Gary and Anita Burney have helped farmers reach customers in other areas through a food hub. Submitted Photo.
Gary and Anita Burney have helped farmers reach customers in other areas through a food hub. Submitted Photo.

Couple works to create a food hub that reaches consumers in multiple states

PINEVILLE, MO. – Problems are always in need of a solution and the last couple of years has proven this to be a fact, not only for large producers but also for small producers and hobby farmers trying to make ends meet. 

Living the rural life is something that requires a special set of skills and vision to till the soil and traverse winter weather to care for livestock. 

As 2020 dawned it was clear that large-scale commercial operations would all but grind to a halt. Large numbers of animals were destroyed, the price of others crashed, or crops were delayed from delivery. This presented a problem for many in the agricultural industry, yet in rural America small farmers and growers did not succumb to the downturn but rather diversified their options.
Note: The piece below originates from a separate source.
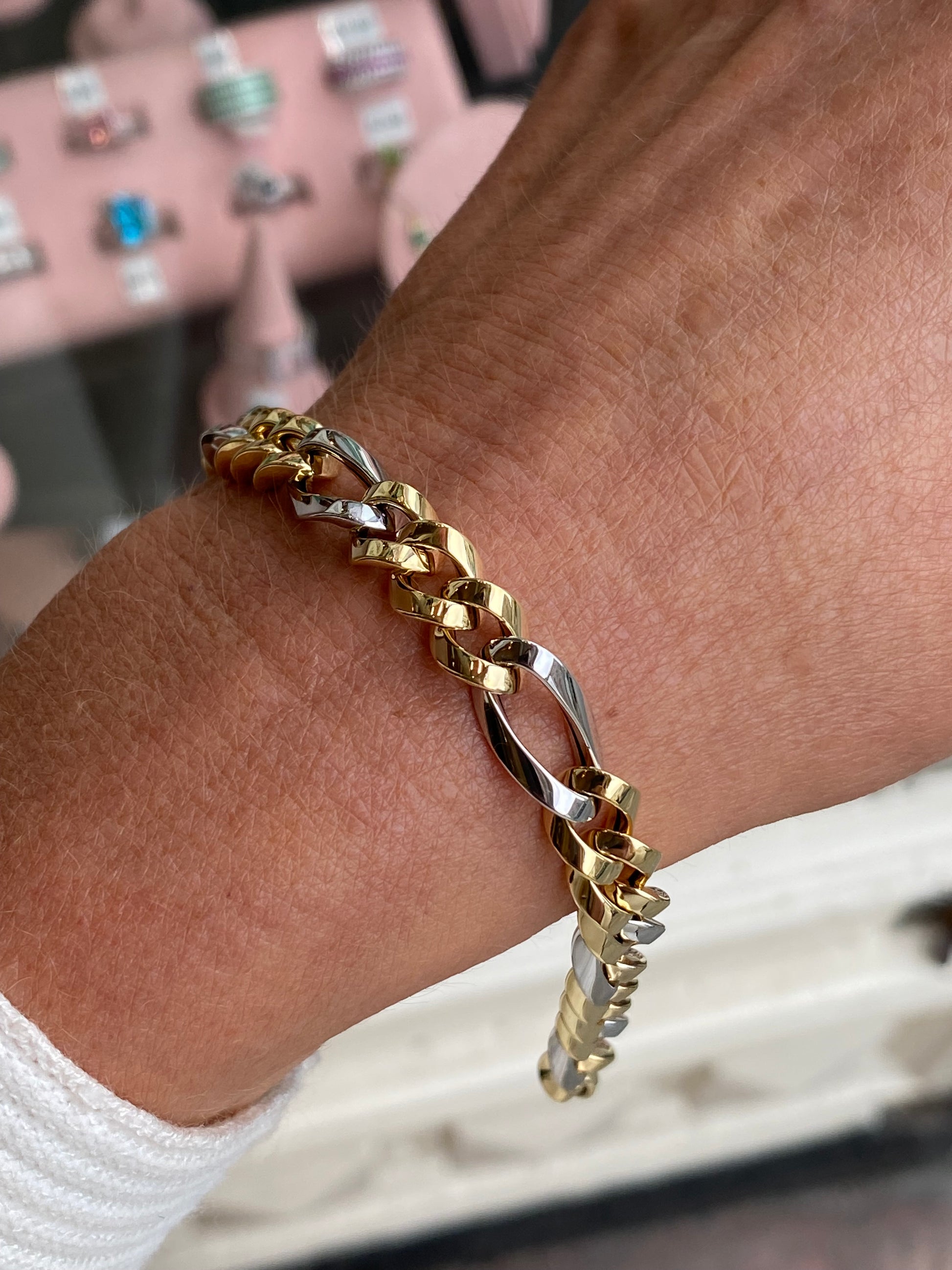 9ct gold two-tone chunky Figaro bracelet by Mark Milton featuring interlinked oval links on a white background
Enter Gary and Anita Burney, of rural McDonald County, Mo., Gary pastored for 45 years in both Arkansas and Northeast Oklahoma. He teaches business classes at a Christian college in Northwest Arkansas. And Anita, just finds solutions, which is evident by the numerous entrepreneurial exploits to her credit.

Three years ago, the Burneys wanted to fulfill the dream of a simpler life and purchased what they fondly call, Back Acres Homestead, a small acreage lying just north of the Arkansas and Missouri line and reasonably close to Oklahoma. 

As they settled into their rural life, they began to participate in a farmers market at nearby Sims Corner. Anita sold her artwork and Gary sold hotdogs.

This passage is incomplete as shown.